### Exercise directions
In the data below, one line contains "ChartThesis's tweet photo." and a later one contains "Table 2.1: The". Print both, with every line between them, exactly and alone.

### Task data
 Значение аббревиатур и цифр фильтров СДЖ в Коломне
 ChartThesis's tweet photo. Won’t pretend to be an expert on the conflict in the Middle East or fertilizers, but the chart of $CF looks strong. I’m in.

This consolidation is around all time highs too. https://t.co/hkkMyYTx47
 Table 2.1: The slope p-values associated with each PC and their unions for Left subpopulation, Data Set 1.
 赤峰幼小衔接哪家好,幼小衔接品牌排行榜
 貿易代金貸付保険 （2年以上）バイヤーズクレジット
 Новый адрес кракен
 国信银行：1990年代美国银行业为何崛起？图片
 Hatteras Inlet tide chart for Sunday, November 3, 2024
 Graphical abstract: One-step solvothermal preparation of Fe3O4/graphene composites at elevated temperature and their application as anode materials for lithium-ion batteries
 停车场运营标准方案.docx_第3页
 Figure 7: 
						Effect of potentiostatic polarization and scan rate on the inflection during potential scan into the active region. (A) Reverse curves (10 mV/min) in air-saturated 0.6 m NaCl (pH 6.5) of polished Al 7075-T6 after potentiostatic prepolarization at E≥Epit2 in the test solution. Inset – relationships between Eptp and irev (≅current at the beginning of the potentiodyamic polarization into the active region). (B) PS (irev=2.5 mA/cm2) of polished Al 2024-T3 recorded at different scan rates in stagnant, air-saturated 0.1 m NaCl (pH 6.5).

* * *

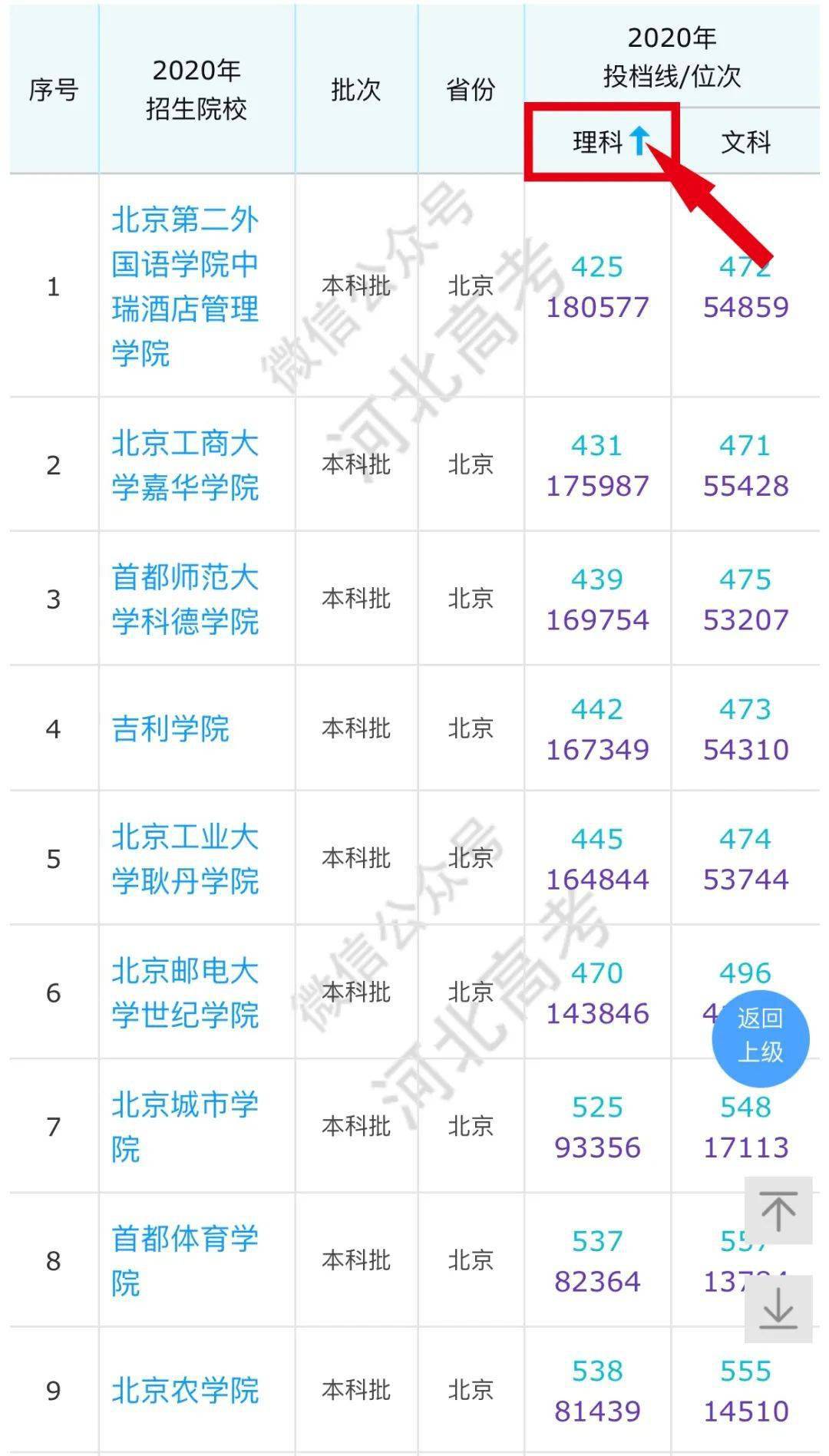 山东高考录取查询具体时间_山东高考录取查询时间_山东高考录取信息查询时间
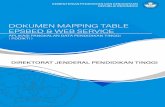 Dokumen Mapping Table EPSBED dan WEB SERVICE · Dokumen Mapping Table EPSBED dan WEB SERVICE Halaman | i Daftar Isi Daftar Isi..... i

...

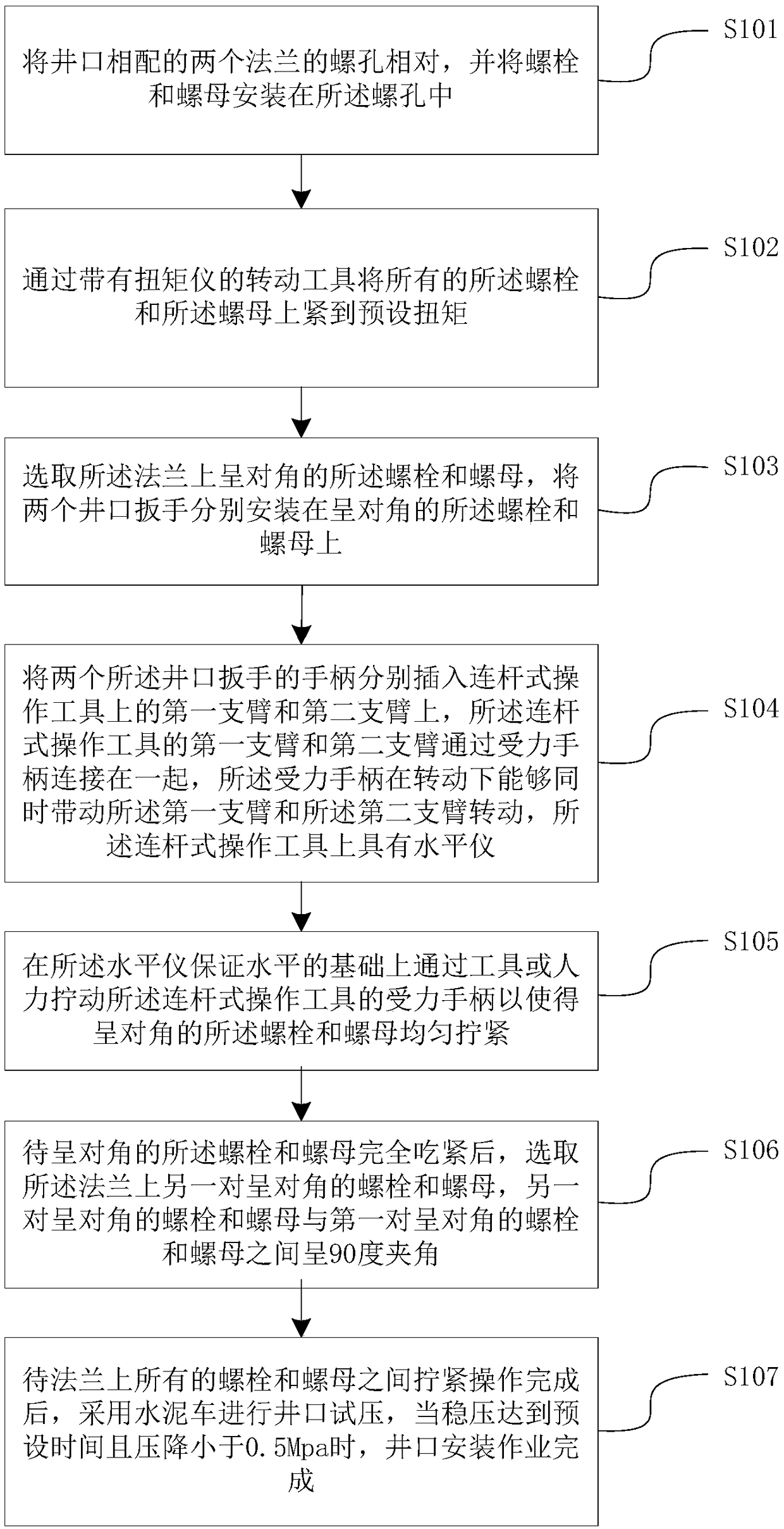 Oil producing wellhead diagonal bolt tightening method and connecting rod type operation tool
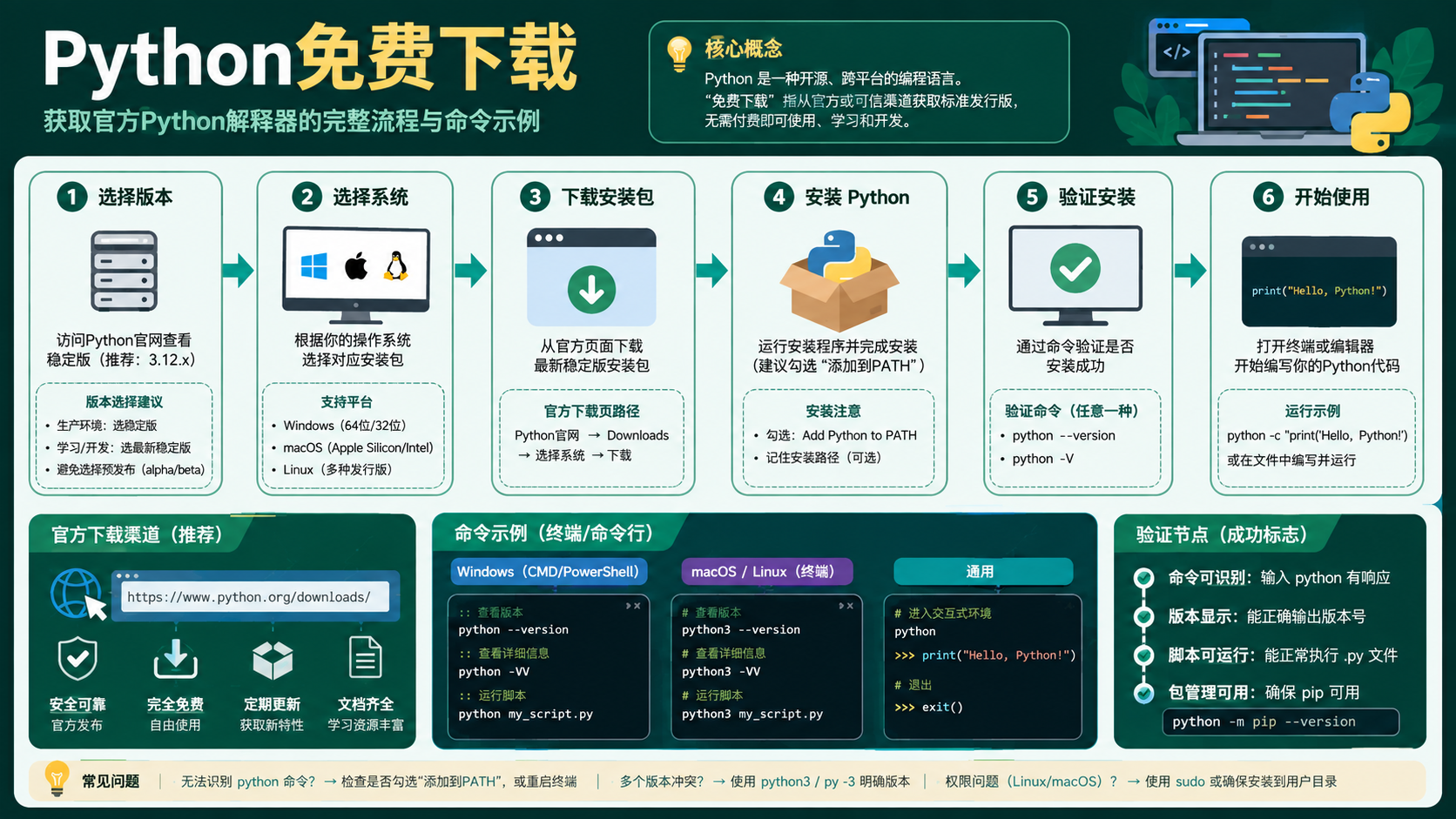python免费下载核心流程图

### Your response
 ChartThesis's tweet photo. Won’t pretend to be an expert on the conflict in the Middle East or fertilizers, but the chart of $CF looks strong. I’m in.

This consolidation is around all time highs too. https://t.co/hkkMyYTx47
 Table 2.1: The slope p-values associated with each PC and their unions for Left subpopulation, Data Set 1.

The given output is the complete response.